Baik yang sudah lama
terjadi, maupun melalui wajah barunya, enclosure
selalu diiringi dengan perjuangan dari orang-orang yang mengorganisir diri
untuk membentuk pertahanan. Keduanya kekuatan – kapital dan perlawanan – tersebut,
diletakkan oleh De Angelis pada konsep “double
movement” Karl Polanyi. Pada satu sisi, ada sejarah pasar besar yang tidak
memiliki batasan sehingga dapat menghancurkan masyarakat, dan di sisi lain ada
kecenderungan masyarakat untuk mempertahankan diri.
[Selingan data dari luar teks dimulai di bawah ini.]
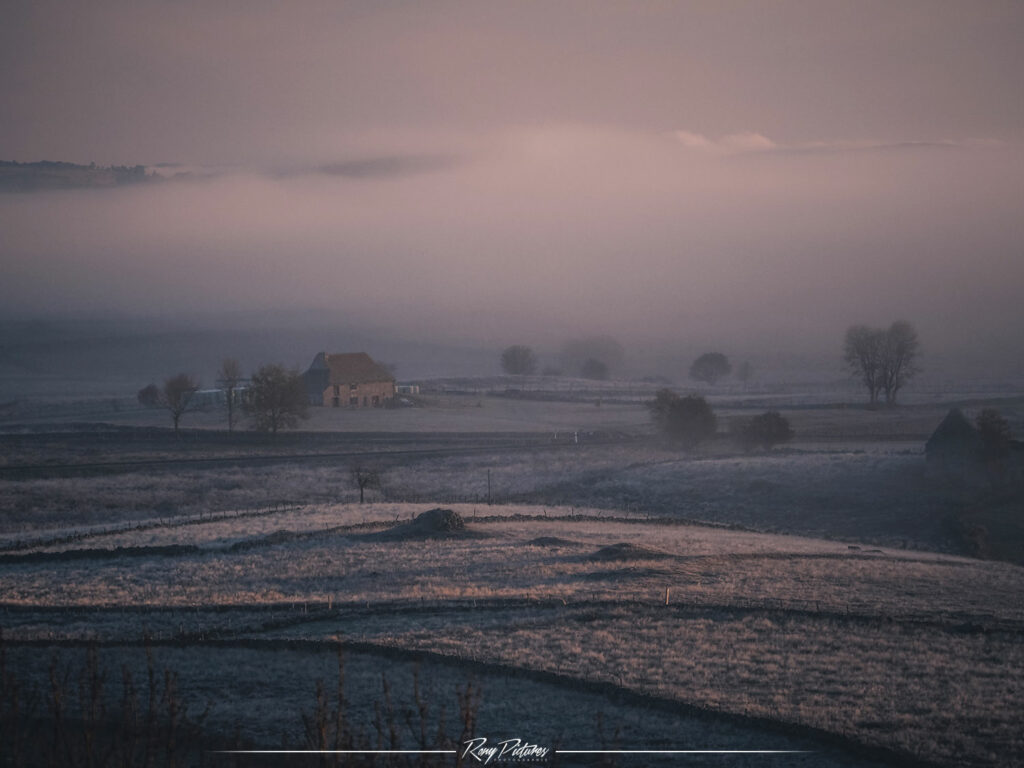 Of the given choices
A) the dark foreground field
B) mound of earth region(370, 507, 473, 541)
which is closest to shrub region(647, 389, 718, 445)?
the dark foreground field

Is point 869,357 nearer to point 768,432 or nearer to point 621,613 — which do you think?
point 768,432

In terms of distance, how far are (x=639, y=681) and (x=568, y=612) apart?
7.00 metres

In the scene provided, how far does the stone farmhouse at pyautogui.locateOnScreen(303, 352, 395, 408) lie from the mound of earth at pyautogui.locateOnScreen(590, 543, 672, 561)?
8160 cm

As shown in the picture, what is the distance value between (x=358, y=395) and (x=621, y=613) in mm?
95286

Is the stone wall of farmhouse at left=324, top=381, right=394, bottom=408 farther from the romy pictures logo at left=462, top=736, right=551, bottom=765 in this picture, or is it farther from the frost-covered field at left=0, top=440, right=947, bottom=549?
the romy pictures logo at left=462, top=736, right=551, bottom=765

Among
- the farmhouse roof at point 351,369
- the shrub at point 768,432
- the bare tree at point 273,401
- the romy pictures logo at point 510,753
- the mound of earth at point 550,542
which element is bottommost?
the mound of earth at point 550,542

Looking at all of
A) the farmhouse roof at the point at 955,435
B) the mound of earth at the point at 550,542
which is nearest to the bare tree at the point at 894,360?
the farmhouse roof at the point at 955,435

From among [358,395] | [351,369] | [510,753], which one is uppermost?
A: [351,369]

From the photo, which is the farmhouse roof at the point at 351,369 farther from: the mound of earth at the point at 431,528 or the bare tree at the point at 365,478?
the mound of earth at the point at 431,528

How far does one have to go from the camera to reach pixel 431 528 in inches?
1697

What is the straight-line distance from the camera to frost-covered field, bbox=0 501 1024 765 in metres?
18.1

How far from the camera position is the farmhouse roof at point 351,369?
384 ft

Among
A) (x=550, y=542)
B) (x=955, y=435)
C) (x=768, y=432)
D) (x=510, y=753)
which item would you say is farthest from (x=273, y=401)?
(x=510, y=753)

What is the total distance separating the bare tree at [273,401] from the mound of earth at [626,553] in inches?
2180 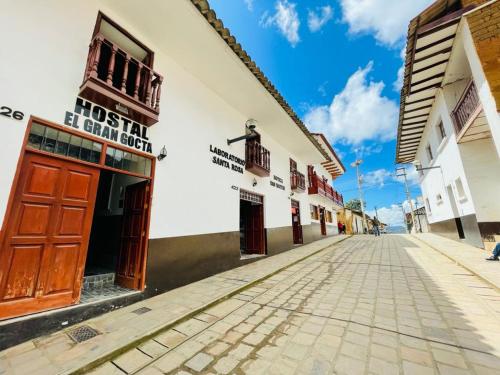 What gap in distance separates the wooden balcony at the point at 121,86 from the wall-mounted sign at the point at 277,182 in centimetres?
579

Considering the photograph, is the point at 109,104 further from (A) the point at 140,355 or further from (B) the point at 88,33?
(A) the point at 140,355

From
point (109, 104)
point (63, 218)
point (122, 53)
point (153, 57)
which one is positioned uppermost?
point (153, 57)

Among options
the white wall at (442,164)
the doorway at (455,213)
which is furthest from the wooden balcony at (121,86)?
the doorway at (455,213)

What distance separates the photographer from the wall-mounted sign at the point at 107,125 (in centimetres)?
340

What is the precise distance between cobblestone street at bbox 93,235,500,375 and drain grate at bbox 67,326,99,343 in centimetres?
71

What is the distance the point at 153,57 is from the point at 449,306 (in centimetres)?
738

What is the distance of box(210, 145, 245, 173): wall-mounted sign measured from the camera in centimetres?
608

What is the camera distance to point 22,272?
270 centimetres

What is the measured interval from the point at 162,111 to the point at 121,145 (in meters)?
1.36

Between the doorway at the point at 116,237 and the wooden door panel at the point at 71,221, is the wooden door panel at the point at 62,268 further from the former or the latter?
the doorway at the point at 116,237

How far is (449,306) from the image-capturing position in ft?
10.5

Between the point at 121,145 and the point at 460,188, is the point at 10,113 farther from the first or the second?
the point at 460,188

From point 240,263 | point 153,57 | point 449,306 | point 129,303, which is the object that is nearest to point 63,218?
point 129,303

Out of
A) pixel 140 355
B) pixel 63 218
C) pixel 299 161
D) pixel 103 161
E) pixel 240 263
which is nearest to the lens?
pixel 140 355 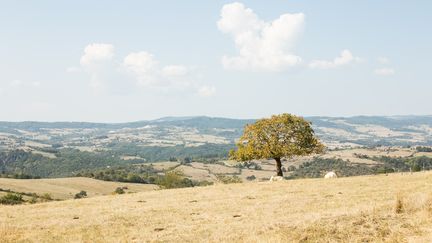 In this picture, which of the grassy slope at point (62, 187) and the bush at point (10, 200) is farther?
the grassy slope at point (62, 187)

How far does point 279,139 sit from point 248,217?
41399 mm

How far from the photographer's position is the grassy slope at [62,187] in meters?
144

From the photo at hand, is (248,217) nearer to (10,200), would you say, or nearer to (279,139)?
(279,139)

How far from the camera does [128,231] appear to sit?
26.0 m

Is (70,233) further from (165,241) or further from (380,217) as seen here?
(380,217)

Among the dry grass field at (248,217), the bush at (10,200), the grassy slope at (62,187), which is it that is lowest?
the grassy slope at (62,187)

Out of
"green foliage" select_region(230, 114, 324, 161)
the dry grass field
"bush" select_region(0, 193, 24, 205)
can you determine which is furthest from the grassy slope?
the dry grass field

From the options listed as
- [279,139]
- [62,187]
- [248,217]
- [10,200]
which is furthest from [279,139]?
[62,187]

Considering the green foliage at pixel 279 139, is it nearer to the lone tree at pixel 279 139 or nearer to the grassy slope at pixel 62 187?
the lone tree at pixel 279 139

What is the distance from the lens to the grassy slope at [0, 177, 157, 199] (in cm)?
14362

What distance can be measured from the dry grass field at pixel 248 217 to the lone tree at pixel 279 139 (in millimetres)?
21593

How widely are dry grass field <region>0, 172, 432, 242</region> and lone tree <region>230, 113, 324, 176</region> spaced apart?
850 inches

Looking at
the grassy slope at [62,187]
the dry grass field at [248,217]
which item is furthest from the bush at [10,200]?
the grassy slope at [62,187]

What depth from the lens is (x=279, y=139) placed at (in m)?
69.1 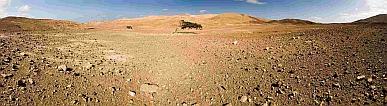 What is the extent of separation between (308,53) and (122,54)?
799cm

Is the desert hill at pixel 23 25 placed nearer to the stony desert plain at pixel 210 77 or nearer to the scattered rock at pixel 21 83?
the stony desert plain at pixel 210 77

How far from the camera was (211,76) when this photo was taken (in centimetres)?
848

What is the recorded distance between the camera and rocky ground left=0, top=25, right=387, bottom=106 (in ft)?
20.7

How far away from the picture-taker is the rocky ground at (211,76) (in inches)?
248

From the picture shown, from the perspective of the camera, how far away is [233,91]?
7258mm

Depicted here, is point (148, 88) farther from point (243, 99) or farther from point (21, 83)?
point (21, 83)

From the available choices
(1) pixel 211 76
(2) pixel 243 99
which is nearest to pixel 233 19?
(1) pixel 211 76

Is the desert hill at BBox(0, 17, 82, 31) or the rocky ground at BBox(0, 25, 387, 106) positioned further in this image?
the desert hill at BBox(0, 17, 82, 31)

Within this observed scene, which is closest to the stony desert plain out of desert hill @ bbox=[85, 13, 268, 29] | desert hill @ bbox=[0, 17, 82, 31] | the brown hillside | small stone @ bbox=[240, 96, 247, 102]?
small stone @ bbox=[240, 96, 247, 102]

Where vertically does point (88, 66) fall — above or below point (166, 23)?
below

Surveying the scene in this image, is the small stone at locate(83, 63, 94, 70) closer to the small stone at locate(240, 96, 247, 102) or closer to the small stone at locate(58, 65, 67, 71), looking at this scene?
the small stone at locate(58, 65, 67, 71)

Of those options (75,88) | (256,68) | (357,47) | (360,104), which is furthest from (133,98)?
(357,47)

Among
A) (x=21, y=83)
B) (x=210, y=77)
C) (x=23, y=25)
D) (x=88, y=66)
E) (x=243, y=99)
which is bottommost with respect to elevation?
(x=243, y=99)

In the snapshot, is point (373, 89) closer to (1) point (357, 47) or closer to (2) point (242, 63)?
(1) point (357, 47) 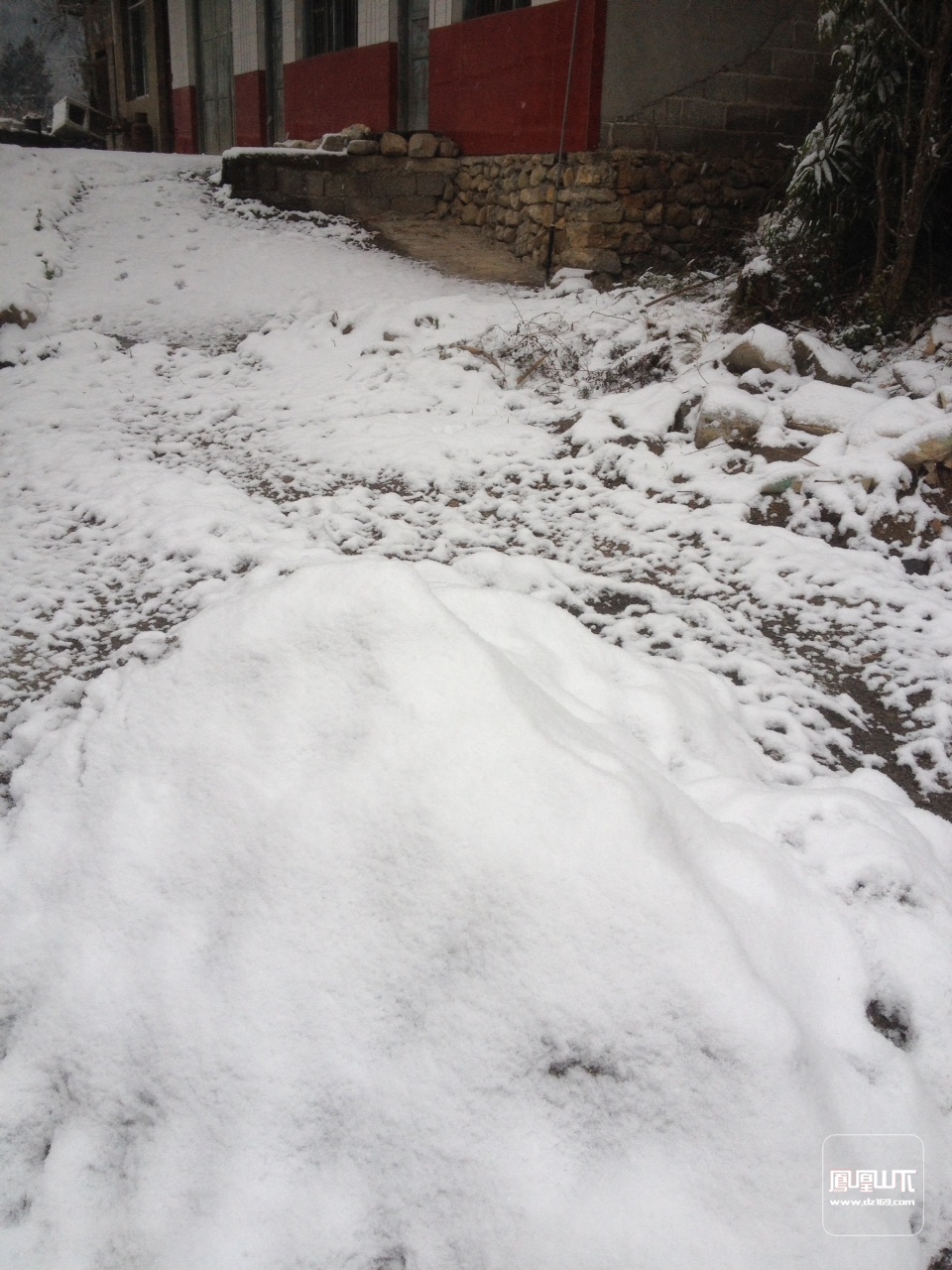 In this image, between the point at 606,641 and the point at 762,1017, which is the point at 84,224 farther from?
the point at 762,1017

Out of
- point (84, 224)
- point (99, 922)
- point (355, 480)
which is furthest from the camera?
point (84, 224)

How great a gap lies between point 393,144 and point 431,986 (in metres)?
8.54

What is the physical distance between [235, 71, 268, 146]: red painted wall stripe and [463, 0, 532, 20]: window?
4.33 metres

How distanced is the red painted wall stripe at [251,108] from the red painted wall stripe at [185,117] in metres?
1.66

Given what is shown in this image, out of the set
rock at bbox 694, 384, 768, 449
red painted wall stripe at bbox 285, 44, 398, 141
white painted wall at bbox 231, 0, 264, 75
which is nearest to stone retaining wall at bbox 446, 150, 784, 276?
red painted wall stripe at bbox 285, 44, 398, 141

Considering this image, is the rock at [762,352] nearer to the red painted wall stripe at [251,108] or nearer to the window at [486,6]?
the window at [486,6]

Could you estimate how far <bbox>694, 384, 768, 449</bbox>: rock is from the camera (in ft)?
12.8

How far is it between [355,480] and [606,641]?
179cm

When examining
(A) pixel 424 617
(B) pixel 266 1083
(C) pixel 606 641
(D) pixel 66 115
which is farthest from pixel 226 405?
(D) pixel 66 115

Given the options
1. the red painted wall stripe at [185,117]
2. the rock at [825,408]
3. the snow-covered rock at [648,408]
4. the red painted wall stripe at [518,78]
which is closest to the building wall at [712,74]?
the red painted wall stripe at [518,78]

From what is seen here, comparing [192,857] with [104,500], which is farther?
[104,500]

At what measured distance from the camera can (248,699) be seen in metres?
1.82

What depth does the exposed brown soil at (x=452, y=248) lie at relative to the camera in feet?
23.3

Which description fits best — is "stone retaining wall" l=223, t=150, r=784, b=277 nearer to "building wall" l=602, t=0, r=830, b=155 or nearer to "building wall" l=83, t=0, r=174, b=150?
"building wall" l=602, t=0, r=830, b=155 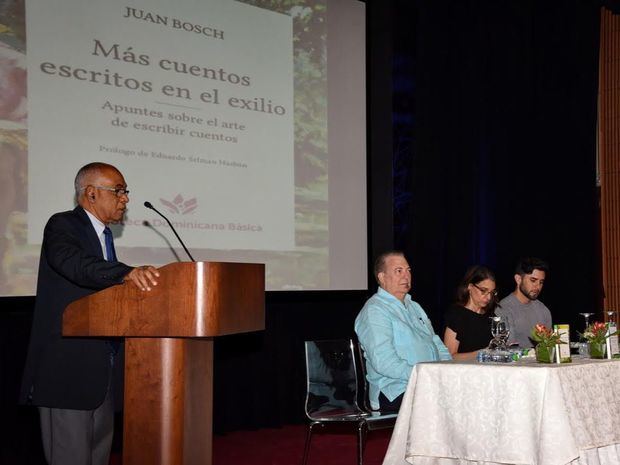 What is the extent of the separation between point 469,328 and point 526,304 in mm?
808

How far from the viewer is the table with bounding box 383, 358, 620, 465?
3156 mm

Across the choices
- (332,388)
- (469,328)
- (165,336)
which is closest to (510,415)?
(332,388)

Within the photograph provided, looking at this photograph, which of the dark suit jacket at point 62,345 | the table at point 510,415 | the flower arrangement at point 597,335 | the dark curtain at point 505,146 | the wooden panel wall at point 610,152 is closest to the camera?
the dark suit jacket at point 62,345

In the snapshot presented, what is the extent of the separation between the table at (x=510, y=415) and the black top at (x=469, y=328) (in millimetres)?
909

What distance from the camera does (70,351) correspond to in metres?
2.51

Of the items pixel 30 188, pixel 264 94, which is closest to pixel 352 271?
pixel 264 94

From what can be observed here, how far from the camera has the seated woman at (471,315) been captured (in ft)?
14.8

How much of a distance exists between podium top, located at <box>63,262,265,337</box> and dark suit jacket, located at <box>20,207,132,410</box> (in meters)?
0.12

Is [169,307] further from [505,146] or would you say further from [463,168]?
Answer: [505,146]

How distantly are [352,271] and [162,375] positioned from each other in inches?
146

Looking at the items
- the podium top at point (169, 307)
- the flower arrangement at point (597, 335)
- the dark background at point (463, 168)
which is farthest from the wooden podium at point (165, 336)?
the dark background at point (463, 168)

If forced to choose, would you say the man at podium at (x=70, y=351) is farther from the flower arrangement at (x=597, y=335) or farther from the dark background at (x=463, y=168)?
the dark background at (x=463, y=168)

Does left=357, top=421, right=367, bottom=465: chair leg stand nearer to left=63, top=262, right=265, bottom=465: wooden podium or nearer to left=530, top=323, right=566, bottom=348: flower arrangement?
left=530, top=323, right=566, bottom=348: flower arrangement

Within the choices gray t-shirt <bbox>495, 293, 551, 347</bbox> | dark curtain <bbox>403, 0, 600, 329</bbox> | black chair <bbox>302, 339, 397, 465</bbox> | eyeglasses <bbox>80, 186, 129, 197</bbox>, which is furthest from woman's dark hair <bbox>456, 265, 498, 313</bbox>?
eyeglasses <bbox>80, 186, 129, 197</bbox> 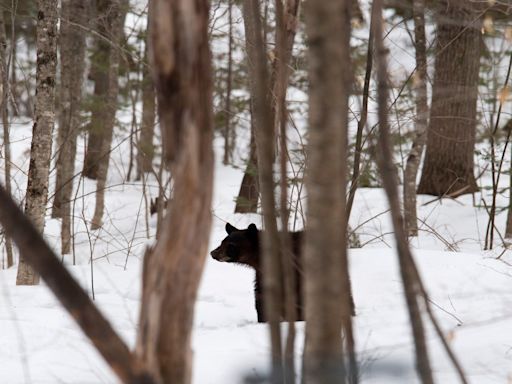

Ini yang kemudian
membedakan perlawanan ‘isme’ yang dilakukan Marx berbeda dengan apa yang
dilakukan agen-agen double movement dari akar rumput.
De Angelis melalui artikelnya
membawa optimisme bagi para gerakan akar rumput, bahwa kemudian yang mereka lakukan
bukanlah tindakan yang tidak ada artinya jika (harus) dibandingkan dengan
revolusi yang digagas oleh Marx. Namun, ini pula yang menjadi celah dalam
artikel De Angelis, jika memang benar tujuannya adalah optimisme itu. Ia tidak
lebih jauh melakukan analisa terhadap dampak dari apa yang dilakukan gerakan
perlawanan akar rumput, seperti dia, dan ahli lain, telah menyelami dampak
dari enclosure, dulu dan kini.
Anievas, A., & Nisancioglu, K. (2014). How
the West Come to Rule. Pluto Press.
De Angelis, M. (2004). Separating the Doing
and the Deed: Capital and the Continuous Character of Enclosures. Historical
Materialism, volume 12:2 (57–87).
Hardin, G. (1968). The Tragedy of the
Commons. Science, New Series, Vol. 162, No. 3859 , 1243-1248.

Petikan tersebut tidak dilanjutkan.